One - The MySQL Query Optimizer wants to optimize your query every time it is presented

Each time your query is seen by the server, the query optimizer treats it as if it is the first time it has ever seen this wonderful new query! And wants to optimize it even if ten dozen copies of the exact same query are running at the same time! Other databases like Oracle allow the query plan to be locked down but MySQL does the full service treatment each and every time.

There is really no way around this but you can use optimizer hints to force some reduction of this. For instance if you know from experience that joining table b to table a works better than the other way around, you can place a directive with an optimizer hint to skip that part of the optimization process. Optimizer hints work on a per query or per statement basis so you will not impact another query’s performance. 


Two - Order Counts

The order of operations is something every beginning coder learns as it is important to understand how the computer evaluates operations. MySQL also has many order dependent issues to be aware of when improving queries.

Let us pretend you have a functional index on the cost of an item and the cost of shipping. Your customers are very sensitive to the costs of both the products you sell and the shipping on those products. In hopes of increasing performance, you have created a functional index on the total of the product cost and the shipping cost.

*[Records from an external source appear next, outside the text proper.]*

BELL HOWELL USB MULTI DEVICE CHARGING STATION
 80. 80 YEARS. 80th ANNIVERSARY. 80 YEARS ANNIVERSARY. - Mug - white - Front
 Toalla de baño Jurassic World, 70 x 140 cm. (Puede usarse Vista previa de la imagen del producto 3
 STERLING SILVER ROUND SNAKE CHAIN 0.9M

CREATE index cost_and_shipping ON products((cost + shipping));

 

Checking on a sample query with EXPLAIN, the query plan shows that indeed the new index is used for searching for products of a cost of less than 5.

EXPLAIN FORMAT=TREE SELECT id, name, cost, shipping, (cost + shipping) 
FROM PRODUCTS 
WHERE cost + shipping < 5\G
*************************** 1. row ***************************
EXPLAIN: -> Filter: ((cost + shipping) < 5)  (cost=1.16 rows=2)
    -> Index range scan on PRODUCTS using cost_and_shipping  (cost=1.16 rows=2)
1 row in set (0.0008 sec)

 

So the index appears to be working properly but when your coworkers try to use this new wonderful index, they report less than stellar performance. FInally they share their query and EXPLAIN reports that the new wonderful index is not being used!  Their query has to perform a much slower table scan! What happened??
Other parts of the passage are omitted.